This story was updated at 4:20 p.m. EDT.

U.S. stocks eked out slight gains Monday as investors try to determine the direction equities will be moving after stocks tipped positive for the year last week. What was initially one of the worst starts to U.S. stocks on record has turned possibly into one of the strongest first quarters since 1933. Disappointing monthly U.S. home sales data released Monday put pressure on stocks earlier in the day.

The Dow Jones Industrial Average (INDEXDJX:.DJI) closed up 21.57 points, or 0.12 percent, to 17,623.87. The broader Standard & Poor’s 500 index (INDEXSP:.INX) rose 2.02 points, or 0.1 percent, to 2,051.60. The Nasdaq composite (INDEXNASDAQ:.IXIC) edged up 13.23 points, or 0.28 percent, to 4,808.87.

The Dow is up 1.1 percent and the S&P is up 0.4 percent for the year. The Nasdaq is still down nearly 4 percent in the same period of time.

U.S. and other global markets will be closed for Good Friday. Some high-profile macroeconomic data due out this week include preliminary data on U.S. manufacturing for the month on Tuesday, U.S. new home sales on Wednesday, preliminary data on the U.S. services sector on Thursday and the final revision to fourth quarter U.S. gross domestic product on Friday.

Six out of the 10 S&P 500 sectors closed up slightly on Monday, led telecom and healthcare stocks. Nike Inc. (NYSE:NKE) led Dow advances while Chevron Corp. (NYSE:CVX) led declines.

Private sector data released Monday morning showed that existing home sales fell 7.1 percent to 5.08 million last month compared to January, its lowest level since November. The results were well below economists’ forecast of a 2.8 percent decline to 5.32 million units.
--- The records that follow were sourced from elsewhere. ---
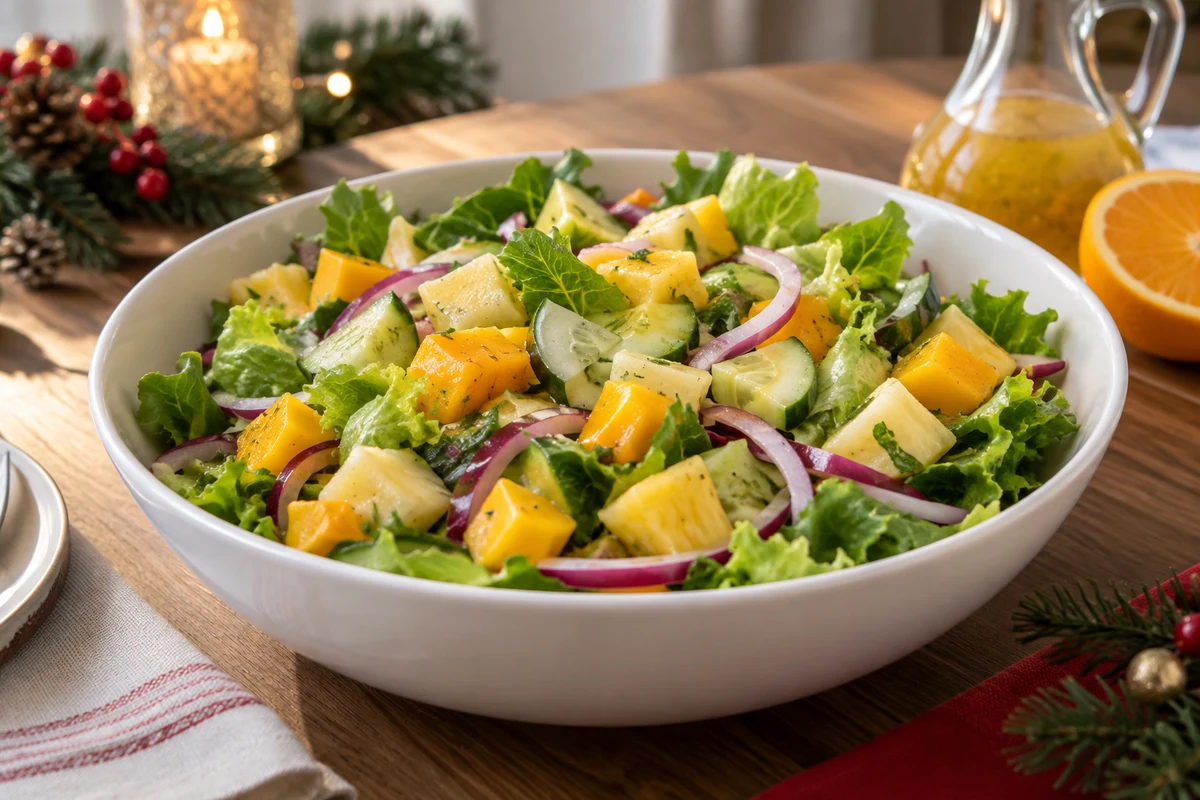 Christmas mango and pineapple salad with crisp leaves and citrus dressing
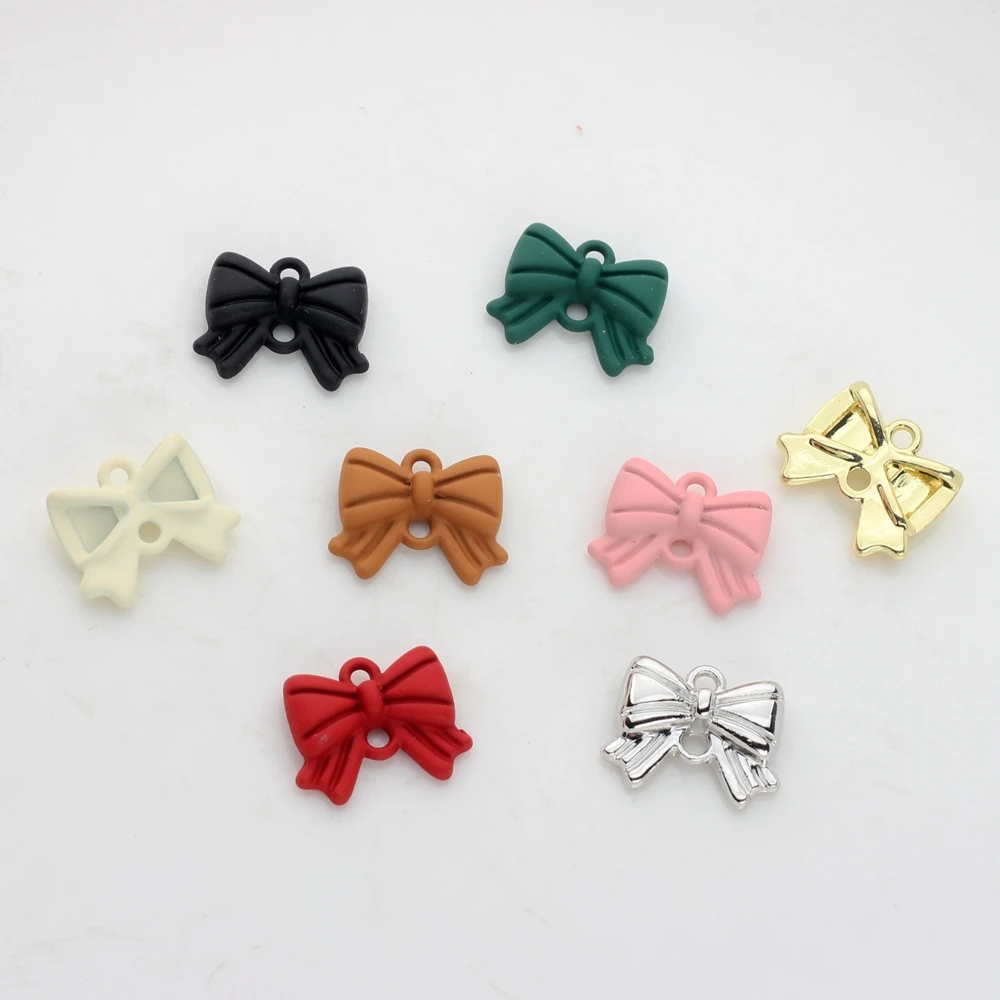 Zinc Alloy Spray Paint Bow Charms Connector Pendant 10pcs/lot For DIY Handmade Earrings Jewelry Material Accessories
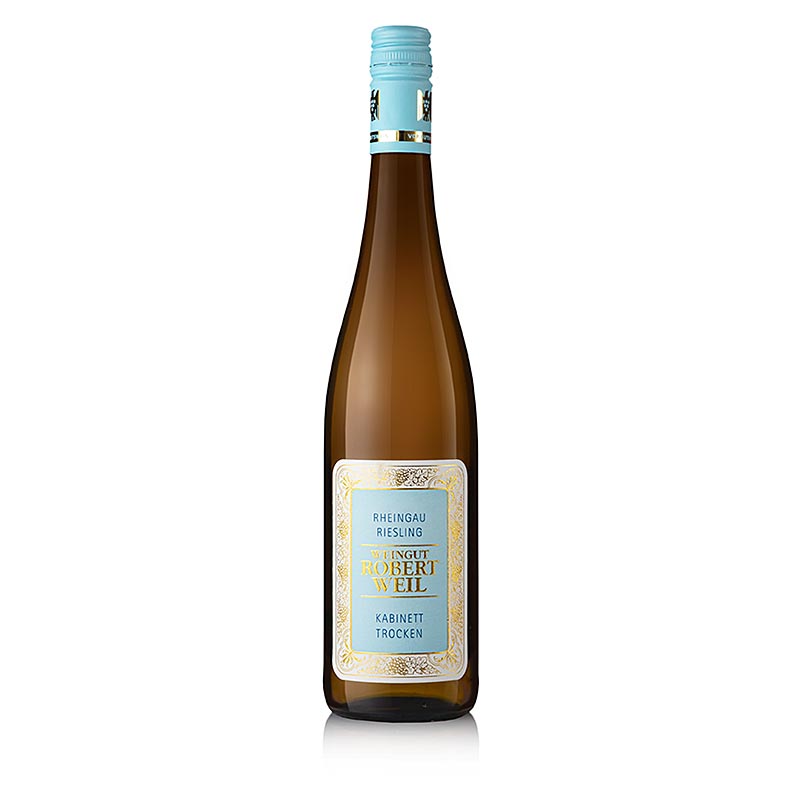 Flasche des R Weil 2022 Riesling Kabinett trocken Weißweins aus dem Rheingau, 0,75 l, 750 ml, präsentiert auf einem weißen Hintergrund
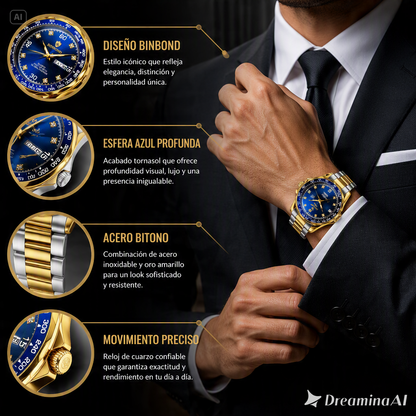 RELOJ DE LUJO BINBOND-ESFERA AZUL PROFUNDO CON ACABADOS DE LUJO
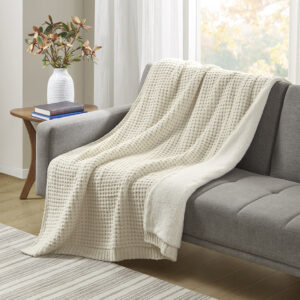 Rowan Waffle Knit Chenille Throw in Ivory From Madison Park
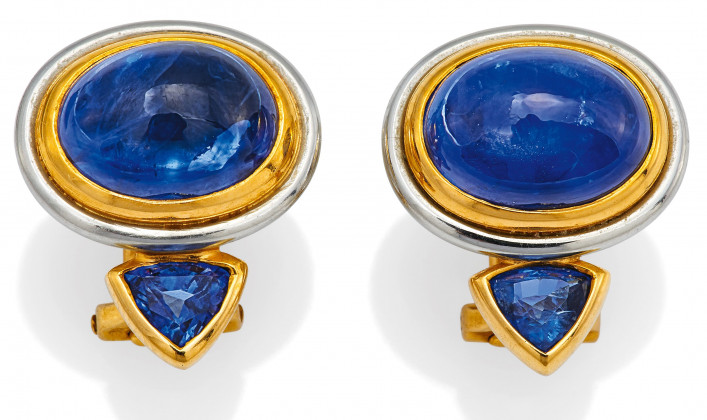 Sapphire-Ear Clip-Ons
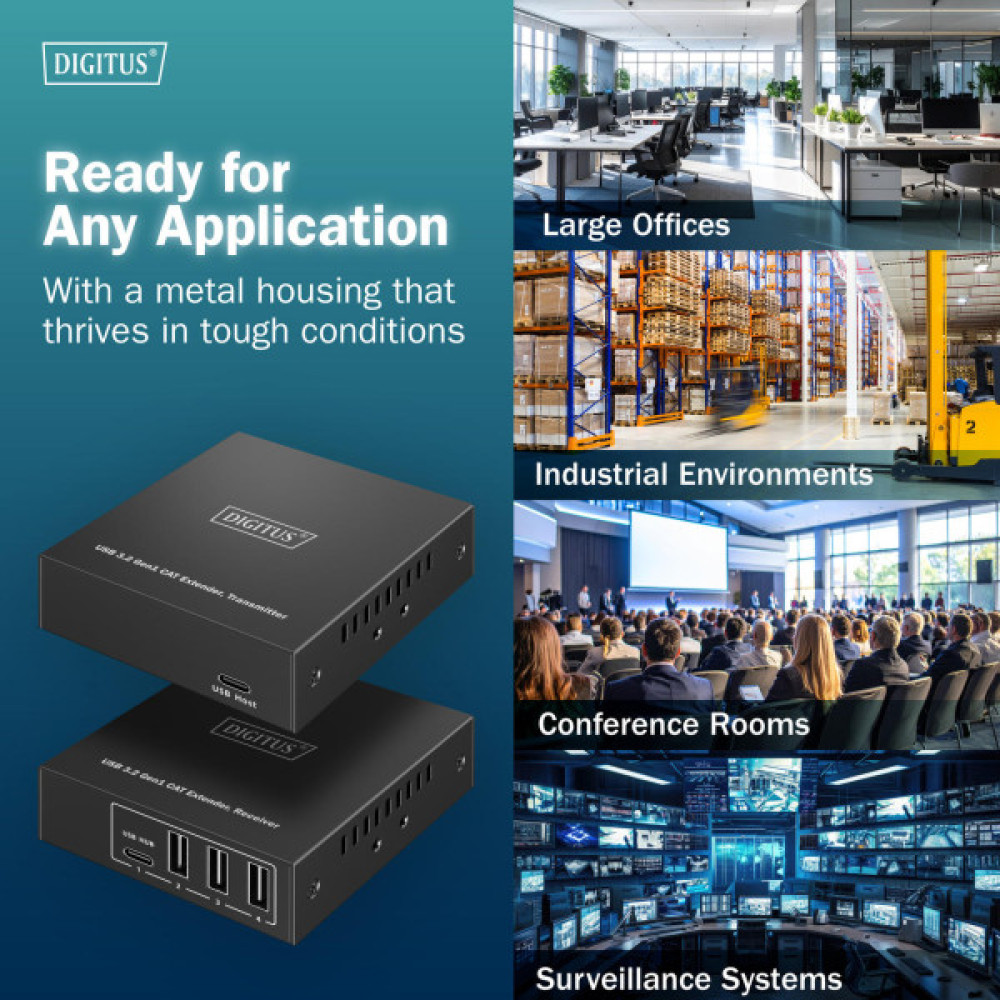 Подовжувач DIGITUS USB 3.2 Gen1, для використання з кабелем Cat6A, до 100 м, 3 х USB-A, 1 x USB-C, чорний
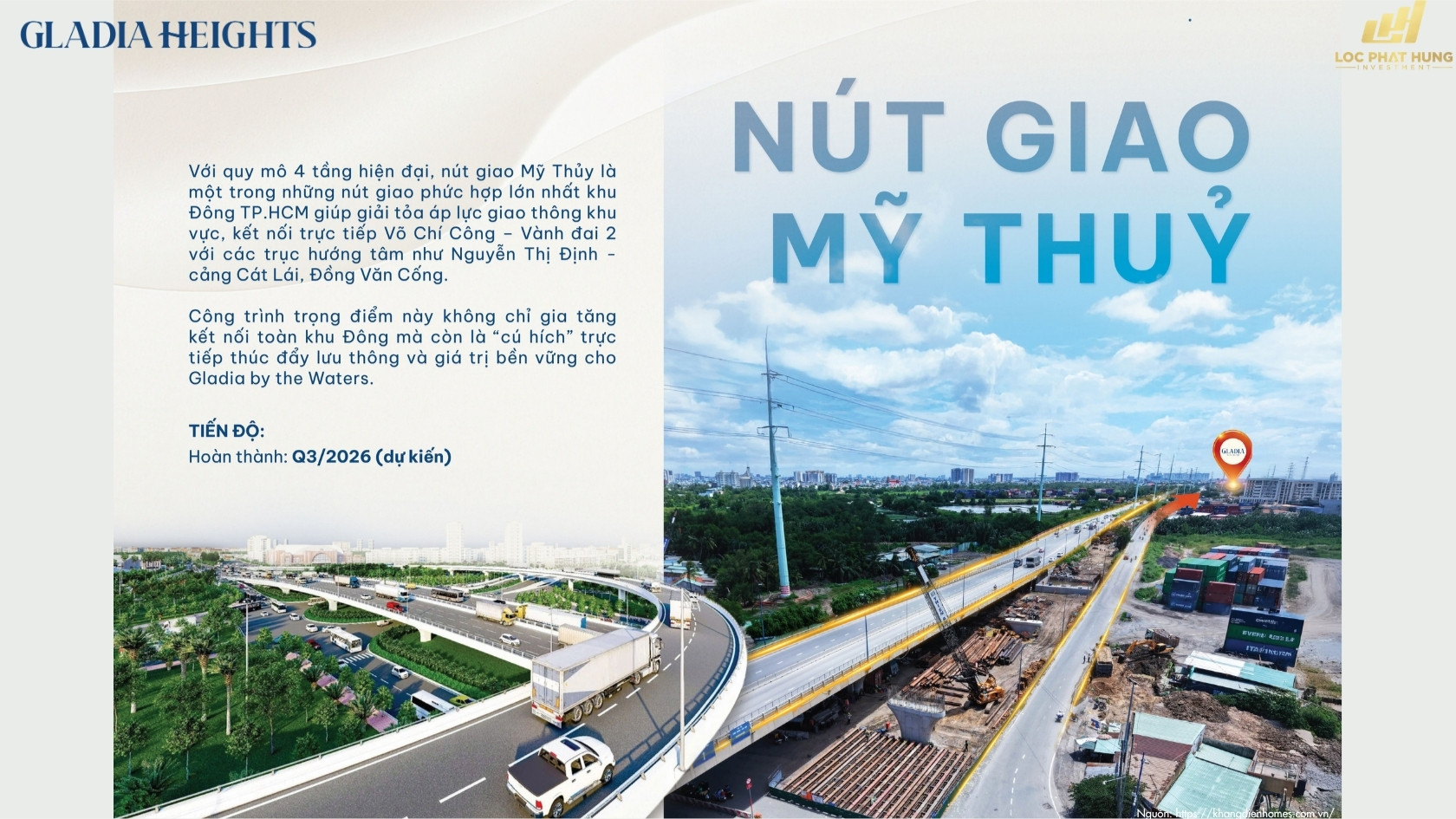 Bản đồ Quy Hoạch Và Tiến độ Hoàn Thành Nút Giao Mỹ Thủy Bọc Quanh Gladia Heights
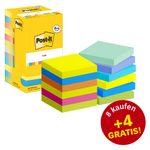 Post-it® Energetic Haftnotizen farbsortiert 8 Blöcke + GRATIS 4 Blöcke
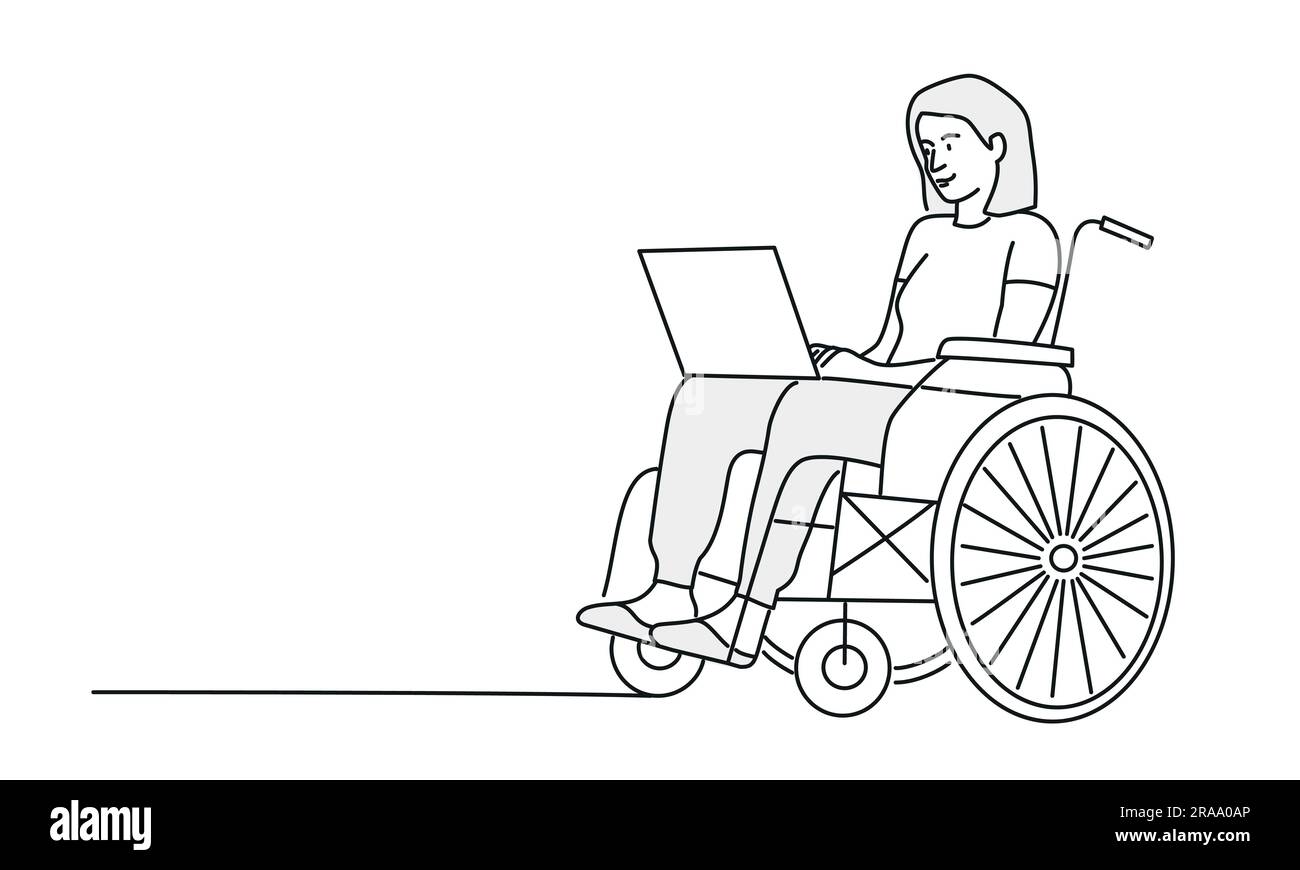 Giovane donna in sedia a rotelle con computer portatile. Illustrazione vettoriale disegnata a mano. Illustrazione Vettoriale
The data weighed on investor sentiments, though the Dow recovered from a 40-point drop after the data was released by the National Association of Realtors.

Oil prices started the week lower on profit-taking following a strong two-day rally last week but tipped back into the green by the opening bell in New York.

U.S. West Texas Intermediate was up 1.19 percent to $39.91 after topping $40 last week for the first time since early December. Brent crude, the other major global oil-price benchmark, rose 1.07 percent to $41.64.

The benchmark U.S. 10-year Treasury rose to 1.92 percent early Monday from Friday’s settlement yield of 1.88 percent. The bond yield typically rises when investors are more confident about the markets and falls when concerns flare and demand for U.S. debt increases. Gold, another so-called safe harbor investment, fell 0.77 percent to $1,244.60 per troy ounce. Gold prices tend to rise as confidence in the markets falls.

European shares were lower after the U.S. dollar rebounded from a five-month low hit last week, and oil prices dipped lower earlier in the trading session before rebounding slightly by the time markets opened in New York.

The broad pan-European Stoxx Europe 600 closed 0.33 percent lower Monday. The Paris-based CAC 40 dropped 0.78 percent while London’s FTSE lost 0.08 percent. Frankfurt’s DAX was down 0.02 percent.

Asian stocks were mixed Monday as investors watched oil prices drop, but shares in China saw a late rally after China Securities Finance Corp., the state-owned lender to companies that trade stocks, announced it would boost lending to brokerages in a bid to counter a recent slump in mainland markets. Japanese markets were closed for a holiday.

China’s broad CSI 300 Index of the mainland’s largest companies closed up 2.44 percent. Hong Kong’s Hang Seng ticked up a slight 0.06 percent. Australia’s S&P/ASX 200 lost 0.32 percent. South Korea’s main Kospi Index shed 0.12 percent.